Nello scorso post abbiamo parlato di Ubiquitous Language, definendolo come un “linguaggio univoco, comune e rigoroso condiviso tra tutti gli stakeholder di un progetto”.
Questa definizione mette quindi come presupposto che l’ambiguità di significato su tutti i termini sia ridotta il più possibile se non del tutto assente.
Ma se ci trovassimo di fronte a delle ambiguità che non riusciamo a districare in nessun modo, come ci possiamo comportare?
In questo caso ci viene in aiuto il concetto di Bounded Context.

https://martinfowler.com/bliki/BoundedContext.html
Cosa sono questi Bounded Context?
Provando a semplificare, possiamo definire un bounded context come una sezione del nostro dominio applicativo che vive di vita propria, ha il suo ubiquitous language, le sue regole e non ha nessun riferimento con altri bounded context.
Ad esempio, se esplorando il nostro dominio ci rendiamo conto che il reparto marketing e il reparto di assistenza clienti parlando del concetto di prodotto in due accezioni differenti allora ci troviamo di fronte a due bounded context: “marketing” e “assistenza” ognuno con la propria rappresentazione della classe “Prodotto”.
Adesso mi aspetto la domanda: “Ma quindi dobbiamo scrivere due volte la classe Prodotto?”. La risposta è “Sì, se questo concetto appartiene a due contesti differenti. Perchè i due concetti di prodotto avranno potenzialmente informazioni e comportamenti differenti”.
Come posso far comunicare due Bounded Context
Abbiamo detto che ogni Bounded context è isolato e non deve avere riferimenti diretti ad altri contesti. Questa affermazione può far sorgere la domanda: “Ma quindi come posso fare se ho bisogno di farli comunicare?”.
Esistono a questo scopo delle strategie di Context Mapping, ovvero dei meccanismi che permettono ad un contesto di esporre le proprie informazioni verso l’esterno senza intaccare la propria struttura.
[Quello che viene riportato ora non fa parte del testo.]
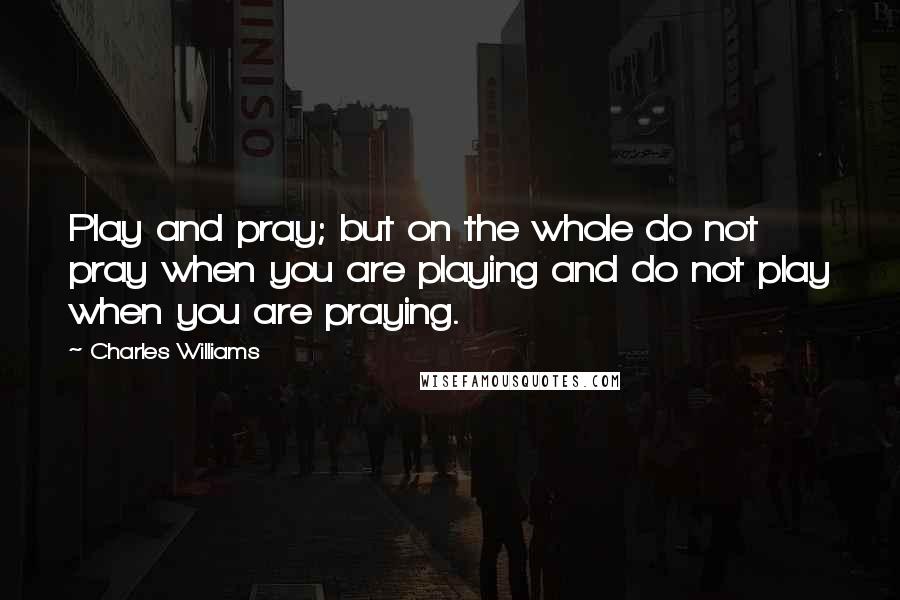 Charles Williams Quotes: Play and pray; but on the whole do not pray when you are playing and do not play when you are praying.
Secondo la letteratura queste strategie si dividono in tre macro-categorie:
- Customer-Supplier (Downstream-Upstream): quando uno dei due bounded context fornisce le informazioni all’altro. Chi espone le informazioni viene definito Supplier (o Upstream), chi riceve viene invece definito Customer (o Downstream). Sono esempi di questo pattern l’Anti-Corruption layer o l’Open Host
- Mutually dependent: quando i due Bounded context condividono tra di loro le informazioni. In questo caso il delivery dei due contesti deve essere contemporaneo dato che le modifiche ad un Bounded context impattano anche l’altro. Esempi famosi sono Partnership e Shared Kernel.
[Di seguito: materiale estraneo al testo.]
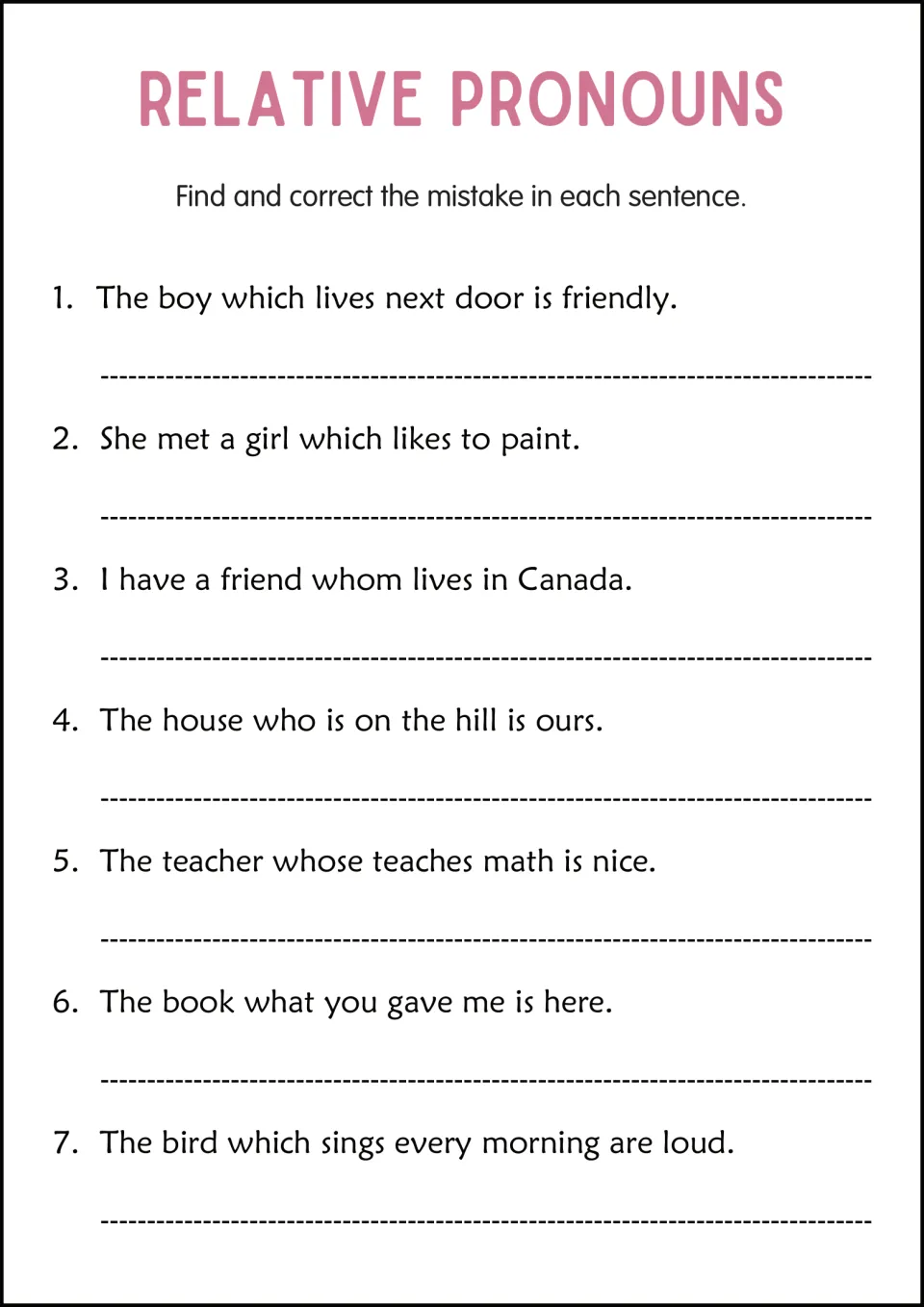 Error correction: students find and fix the pronoun mistake in 7 sentences, like The boy which lives next door is friendly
- Free: quando due Bounded context non collaborano e non comunicano tra di loro.
Definendo uno di questi approcci diventa possibile far comunicare due Bounded Context tra di loro, senza esporre in modo diretto la loro struttura.
Che vantaggi mi porta questa divisione?
Dividere in contesti autonomi ci offre una netta separazione delle responsabilità. Se, ad esempio, assegniamo contesti diversi a parti del nostro team ognuno di essi sarà relativamente sicuro ed autonomo nello sviluppo.
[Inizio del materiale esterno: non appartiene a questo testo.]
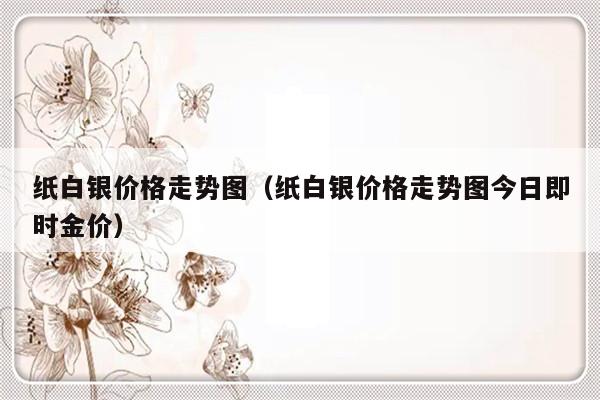 纸白银价格走势图（纸白银价格走势图今日即时金价）-第1张图片-乐修号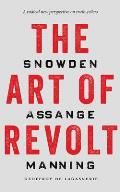 Art of Revolt Snowden Assange Manning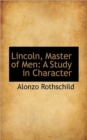 Lincoln, Master of Men : A Study in Character - Book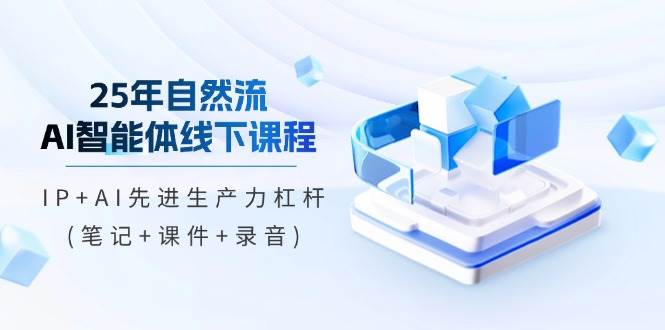25年自然流AI智能体线下课程，IP+AI先进生产力杠杆(笔记+课件+录音)-创客空间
Questo ci permette di concentrarci sugli obiettivi di quel contesto, riducendo i side-effect dovuti a modifiche a parti che non interessano direttamente il nostro bounded context.
Ma è davvero tutto così facile?
Come sempre non è tutto oro quello che luccica.
Individuare i bounded context alla volte non è così semplice e, come per Ubiquitous Language, una buona esplorazione del dominio è fondamentale per identificarli e dividere nel modo corretto.
Una volta che abbiamo trovato i nostri bounded context è sempre bene ricordare che devono essere autonomi e non devono avere riferimenti ad altri contesti. Alle volte è facile cadere nella trappola di voler riutilizzare un pezzo che abbiamo già implementato in un altro contesto, in questo caso sfruttiamo le strategie di context mapping.
E voi cosa ne pensate? Vi è mai capitato di utilizzare i bounded context?
Raccontatemi la vostra esperienza nei commenti. Ci vediamo al prossimo post!